I guess it’s fine to be responsible for letting the greater evil into power as long as you can tell yourself that you were morally correct at the end of the day. Because that’s what you’re doing. You’re making a selfish moral point, and in turn actively increase the odds of a worse outcome. You feel better about yourself at the expense of everyone (including yourself).
Because what do you even gain by not voting here? The moral high ground? You just make it look like the greater evil is more desirable. At least spoil your ballot, so that it counts in the percentages…
“Letting” the greater evil take power is what happens when you choose to acquiesce to the carrot and stick. Regardless of the outcome, your participation legitimizes the false choice, gives the the lesser evil no incentive to reform, and the greater evil all incentive to push further in the future. No matter who wins, “Worse outcomes” are inevitable.
The one making a “selfish moral point” is you, who argues in defense of evil because you fear the consequences of even the mildest rebellion against the Empire more than the cost of living under it.
If you want me to vote for Democrats, then you’re talking to the wrong person. Call your reps amd convince them to form a Truth and Reconciliation Commission as a bare-minimum first step towards reform and they’ll have my support.
Likening the American election system to a prisoner’s choice of dinner is probably a lot more apt than you intended.
But to follow along with your metaphor, a prisoner does effectively fight the system by refusing to submit to prison slavery. Instead of providing extremely cheap labor and driving down non-slave wages, they become a drain on the finances of the prison system that is still obligated to provide them with kitchen floor slop.
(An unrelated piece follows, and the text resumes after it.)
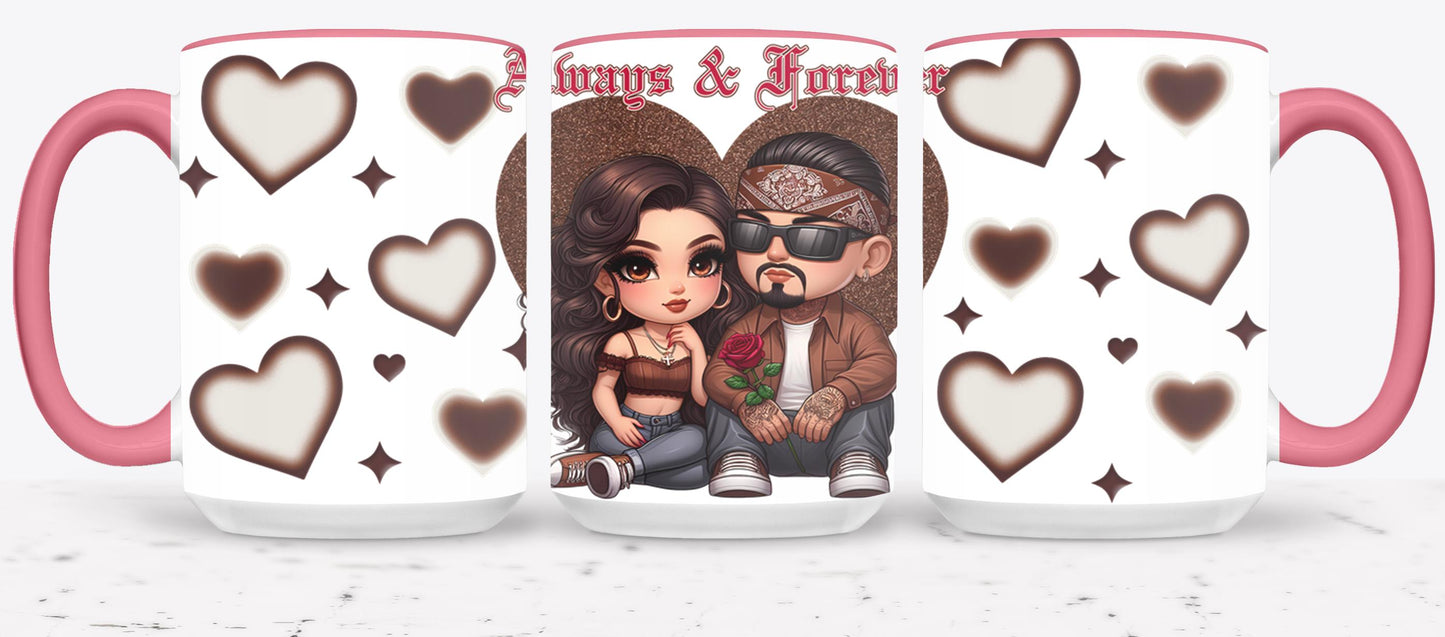 Always and Forever-10110 - mugs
Participation in prison slavery, on the other hand, renders them complicit in their own imprisonment. Sure, they might be paid pennies on the dollar for their labor, but the vast majority of the value they create goes to offsetting the cost of keeping them locked up and fattening the profit margins of companies that rent convicts, providing financial incentives to further perpetuate the prison slavery system.
I’m fine with people who don’t care about politics. I think they’re missing out on having their say, but I get it. However I will never understand your mindset.
You claim that participation legitimized the false choice, giving the lesser evil no incentive to reform, yet this is just wrong!
Voting for nobody means the status quo sticks. Voter participation can drop insanely low, and still nothing will happen. You’re just giving more power to those who do vote. The lesser evil has no need to change their ways, because you are irrelevant to them. You are not part of the equation for them. You are, quite simply, nothing. You may as well not exist. Your voice isn’t being heard, because the only time your voice matters in the US is when you vote. If you don’t vote, you have no voice.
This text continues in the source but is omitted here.